▶ [Work task]:
Without the pictures, reproduce the records that follow exactly.

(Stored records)
--- --- ---

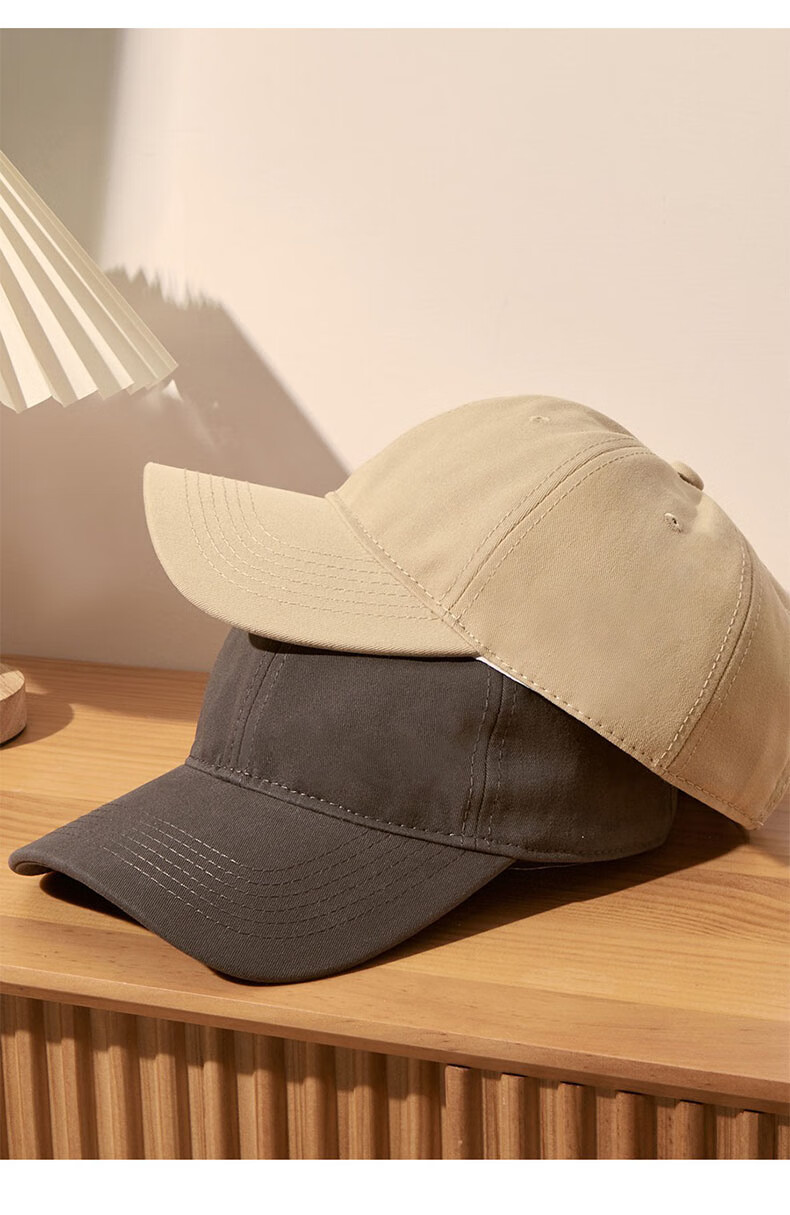 XUEXIMAN Solid Color Baseball Cap for Women, Deep Crown Sun Hat, Large Head Circumference, Face Slimming, Soft Top Duckbill Cap for Women 4
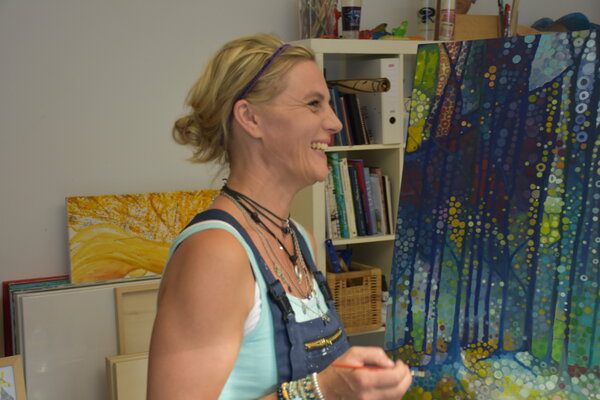 Michelle Kranz nello studio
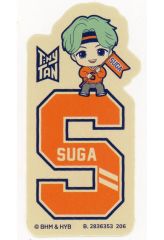[중고] 씰 스티커 슈가(BTS/방탄소년단)/이니셜 [모바일 스티커 컬렉션 TinyTAN Vol.2]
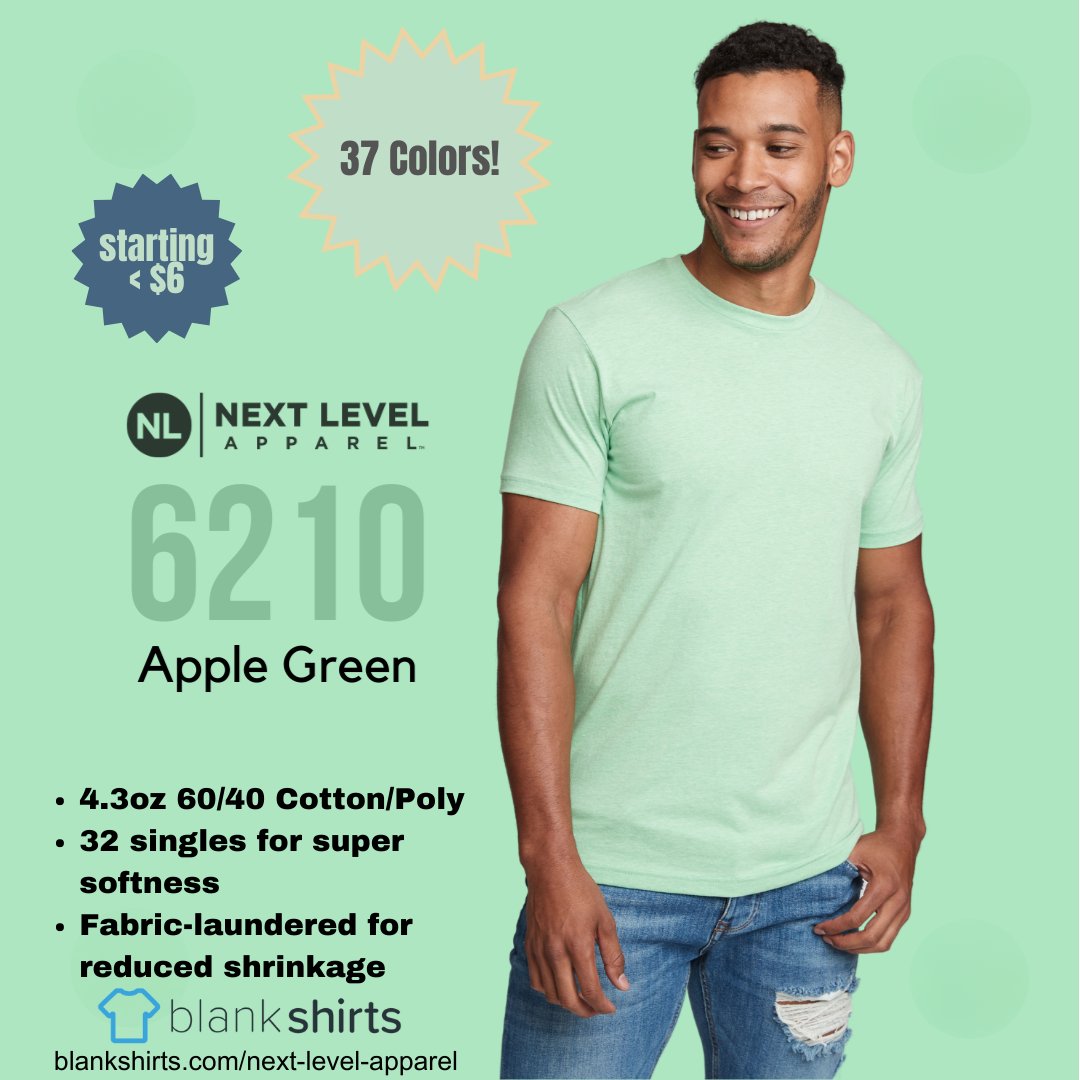 blank_shirts's tweet image. The Next Level 6210 Unisex T-Shirt is made from quality ring-spun cotton and polyester which is super soft and durable at the same time.
.
Save on the Next Level 6210 now:
ow.ly/hoiZ50Q47kR
.
#Tshirts #NextLevelApparel #BlankShirts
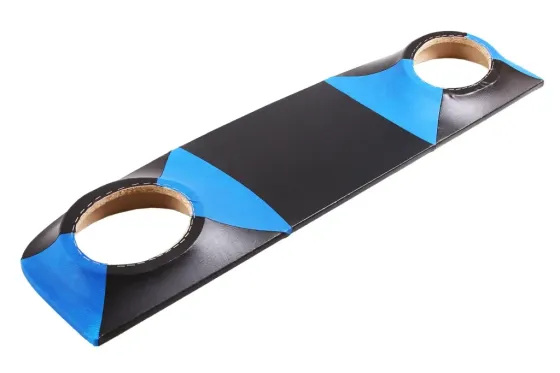 Полка багажника 2101 АвтоКомфорт под колонки кожзам черный/синий Винница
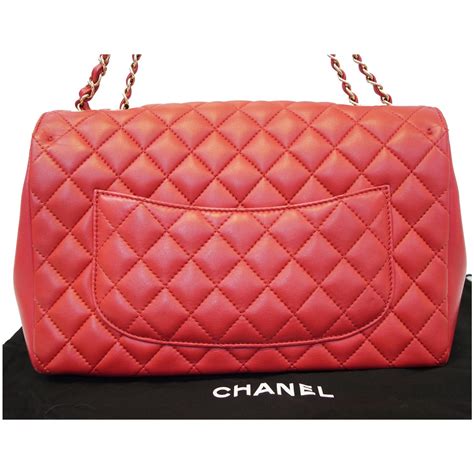 chanel red medium flap|chanel classic flap jumbo.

--- --- ---

▶ [Written reply]:
 XUEXIMAN Solid Color Baseball Cap for Women, Deep Crown Sun Hat, Large Head Circumference, Face Slimming, Soft Top Duckbill Cap for Women 4
 Michelle Kranz nello studio
[중고] 씰 스티커 슈가(BTS/방탄소년단)/이니셜 [모바일 스티커 컬렉션 TinyTAN Vol.2]
 blank_shirts's tweet image. The Next Level 6210 Unisex T-Shirt is made from quality ring-spun cotton and polyester which is super soft and durable at the same time.
.
Save on the Next Level 6210 now:
ow.ly/hoiZ50Q47kR
.
#Tshirts #NextLevelApparel #BlankShirts
 Полка багажника 2101 АвтоКомфорт под колонки кожзам черный/синий Винница
 chanel red medium flap|chanel classic flap jumbo.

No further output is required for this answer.